Dal punto di vista della psicologia cognitiva, una nozione base fondamentale è che i nostri pensieri, emozioni e comportamenti sono interconnessi e influenzati dalle nostre esperienze passate, in particolare quelle traumatiche. Questo significa che il modo in cui interpretiamo il mondo e reagiamo agli eventi è plasmato dalle nostre memorie e dalle nostre difese psichiche.

Una nozione più avanzata è quella della plasticità neuronale, che ci dice che il nostro cervello è in grado di modificarsi e adattarsi nel corso della vita, anche dopo un trauma.
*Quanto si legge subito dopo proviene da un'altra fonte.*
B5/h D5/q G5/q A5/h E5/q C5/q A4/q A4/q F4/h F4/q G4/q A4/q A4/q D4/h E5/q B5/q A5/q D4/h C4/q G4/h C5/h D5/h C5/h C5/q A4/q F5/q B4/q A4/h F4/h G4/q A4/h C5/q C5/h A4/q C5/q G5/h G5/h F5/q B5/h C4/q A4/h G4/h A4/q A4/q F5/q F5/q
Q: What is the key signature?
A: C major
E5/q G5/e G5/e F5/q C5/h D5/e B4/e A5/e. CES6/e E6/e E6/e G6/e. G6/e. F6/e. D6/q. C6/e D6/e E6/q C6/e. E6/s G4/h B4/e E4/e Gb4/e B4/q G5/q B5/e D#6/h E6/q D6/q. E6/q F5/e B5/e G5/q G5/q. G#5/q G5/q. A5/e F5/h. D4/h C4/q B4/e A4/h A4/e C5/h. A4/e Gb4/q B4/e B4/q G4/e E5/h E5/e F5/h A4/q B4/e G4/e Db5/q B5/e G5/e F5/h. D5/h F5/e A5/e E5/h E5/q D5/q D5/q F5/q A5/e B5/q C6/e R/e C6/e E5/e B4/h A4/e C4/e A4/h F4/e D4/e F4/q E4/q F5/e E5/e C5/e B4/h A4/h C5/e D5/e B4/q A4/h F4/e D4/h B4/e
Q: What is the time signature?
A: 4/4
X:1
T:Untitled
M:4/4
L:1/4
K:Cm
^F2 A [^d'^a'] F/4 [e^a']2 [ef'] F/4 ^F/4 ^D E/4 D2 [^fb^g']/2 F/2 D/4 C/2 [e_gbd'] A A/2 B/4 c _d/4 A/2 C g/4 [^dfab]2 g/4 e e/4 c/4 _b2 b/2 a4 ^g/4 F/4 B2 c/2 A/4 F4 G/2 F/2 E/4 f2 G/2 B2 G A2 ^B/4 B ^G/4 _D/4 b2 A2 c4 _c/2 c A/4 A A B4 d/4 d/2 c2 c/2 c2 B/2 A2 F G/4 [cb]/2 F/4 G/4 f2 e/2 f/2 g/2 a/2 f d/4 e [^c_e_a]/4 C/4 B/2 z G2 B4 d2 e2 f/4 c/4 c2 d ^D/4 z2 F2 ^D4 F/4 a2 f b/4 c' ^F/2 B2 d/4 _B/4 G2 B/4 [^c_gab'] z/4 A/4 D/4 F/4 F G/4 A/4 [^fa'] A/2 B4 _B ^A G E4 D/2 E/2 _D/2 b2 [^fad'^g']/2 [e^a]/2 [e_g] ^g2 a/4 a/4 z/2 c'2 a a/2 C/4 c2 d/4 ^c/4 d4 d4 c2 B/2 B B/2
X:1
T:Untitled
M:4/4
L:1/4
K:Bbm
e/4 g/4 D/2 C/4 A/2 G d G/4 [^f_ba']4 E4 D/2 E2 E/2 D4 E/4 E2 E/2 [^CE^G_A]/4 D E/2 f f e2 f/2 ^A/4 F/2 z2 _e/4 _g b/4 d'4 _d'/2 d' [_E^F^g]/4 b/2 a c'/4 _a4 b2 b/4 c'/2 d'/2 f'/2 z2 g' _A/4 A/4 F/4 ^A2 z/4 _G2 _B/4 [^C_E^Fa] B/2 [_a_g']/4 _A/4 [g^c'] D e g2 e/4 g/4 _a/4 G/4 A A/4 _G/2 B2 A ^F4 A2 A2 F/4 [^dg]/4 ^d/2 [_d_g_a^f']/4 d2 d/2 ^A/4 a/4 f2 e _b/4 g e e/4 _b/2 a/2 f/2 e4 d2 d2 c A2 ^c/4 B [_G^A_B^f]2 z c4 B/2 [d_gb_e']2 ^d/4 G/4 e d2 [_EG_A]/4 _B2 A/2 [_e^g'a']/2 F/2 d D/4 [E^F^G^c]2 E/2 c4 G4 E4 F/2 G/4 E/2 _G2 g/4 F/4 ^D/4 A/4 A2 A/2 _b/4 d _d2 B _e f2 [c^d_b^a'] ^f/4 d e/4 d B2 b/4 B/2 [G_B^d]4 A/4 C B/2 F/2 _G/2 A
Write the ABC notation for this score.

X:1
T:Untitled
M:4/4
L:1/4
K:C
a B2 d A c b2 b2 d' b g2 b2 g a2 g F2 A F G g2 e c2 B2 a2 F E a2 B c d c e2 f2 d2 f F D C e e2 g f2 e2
Questo significa che, con il giusto supporto terapeutico e un ambiente relazionale sicuro, è possibile rielaborare le esperienze traumatiche e sviluppare nuove strategie di coping.

Ti invito a riflettere su come le tue esperienze passate, in particolare quelle più difficili, abbiano influenzato il tuo modo di pensare, sentire e agire. Quali sono le tue difese psichiche? Come ti proteggi dal dolore e dalla sofferenza? E cosa potresti fare per aprirti a nuove possibilità di crescita e di guarigione?